Input for this task ->
◆ ◆ ◆

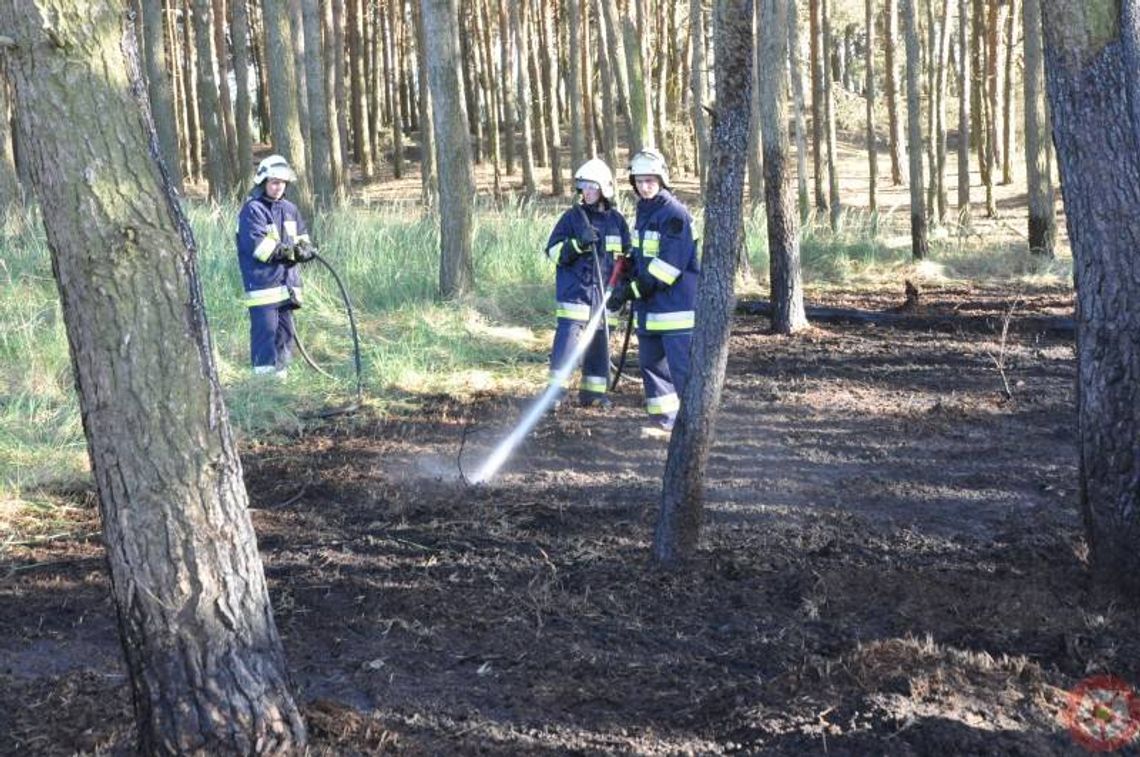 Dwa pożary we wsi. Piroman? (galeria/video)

◆ ◆ ◆

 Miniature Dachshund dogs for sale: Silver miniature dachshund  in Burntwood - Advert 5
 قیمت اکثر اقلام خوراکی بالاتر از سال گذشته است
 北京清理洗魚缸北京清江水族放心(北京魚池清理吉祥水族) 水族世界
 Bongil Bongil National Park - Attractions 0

◆ ◆ ◆

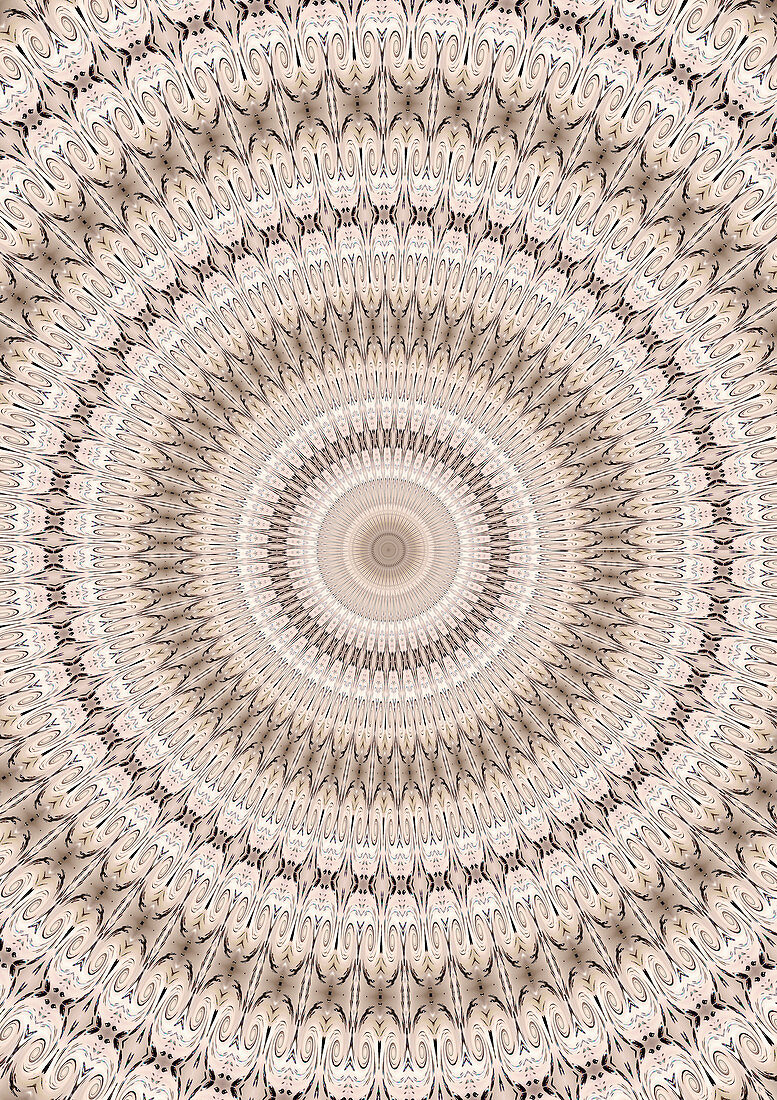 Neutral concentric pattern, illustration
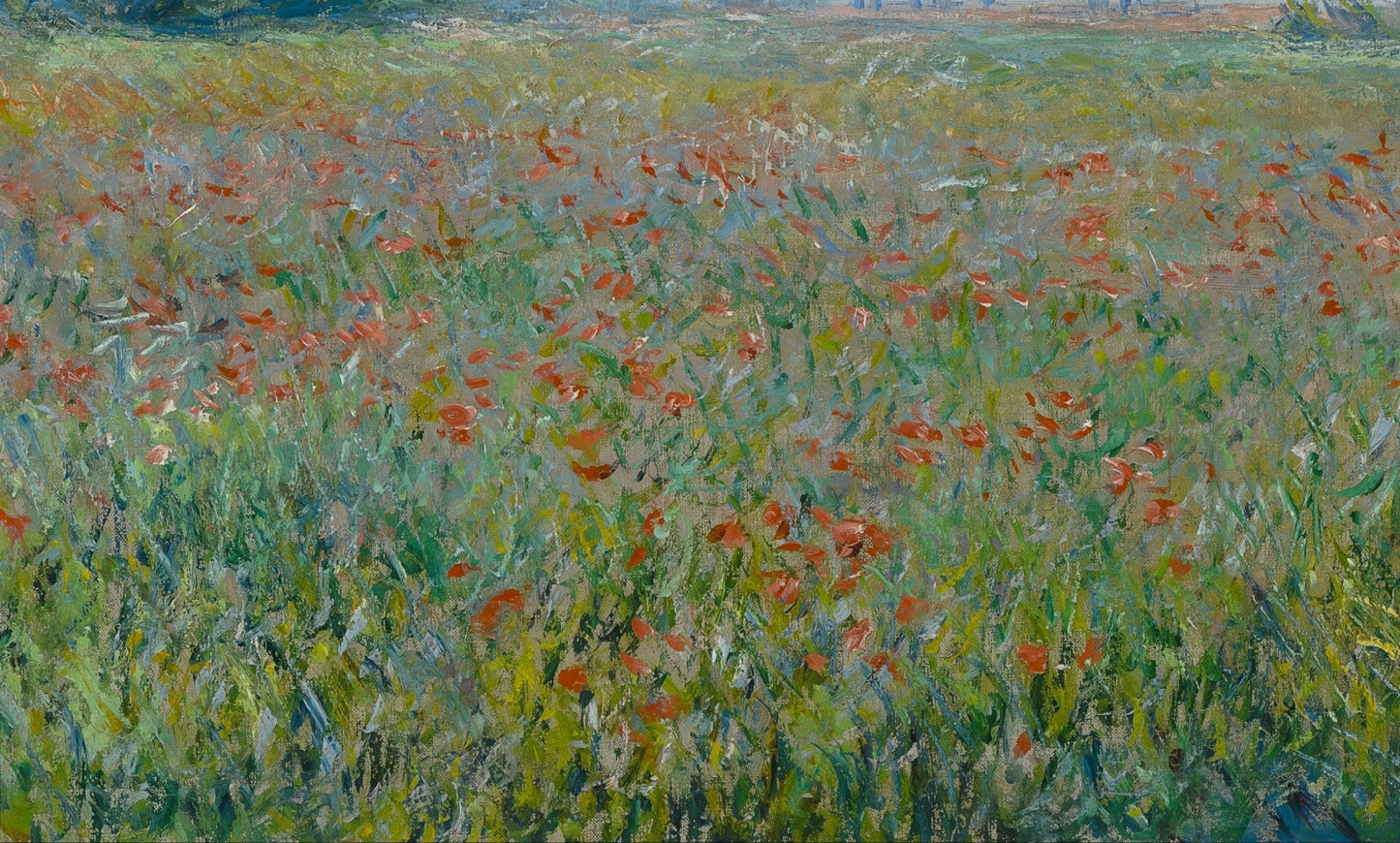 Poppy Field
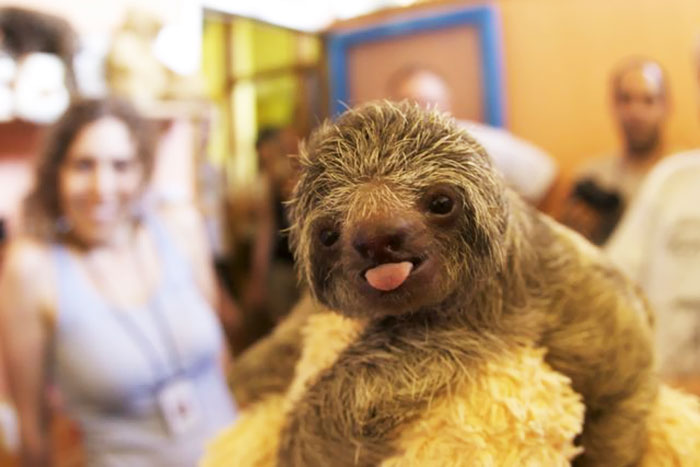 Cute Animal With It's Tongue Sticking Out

◆ ◆ ◆

Exercise description ->
Print an exact copy of the lines above, from the one containing "Poppy Field" through the one containing "Cute Animal With It's Tongue Sticking Out", and leave out the pictures.

Expected answer ->
 Poppy Field
 Cute Animal With It's Tongue Sticking Out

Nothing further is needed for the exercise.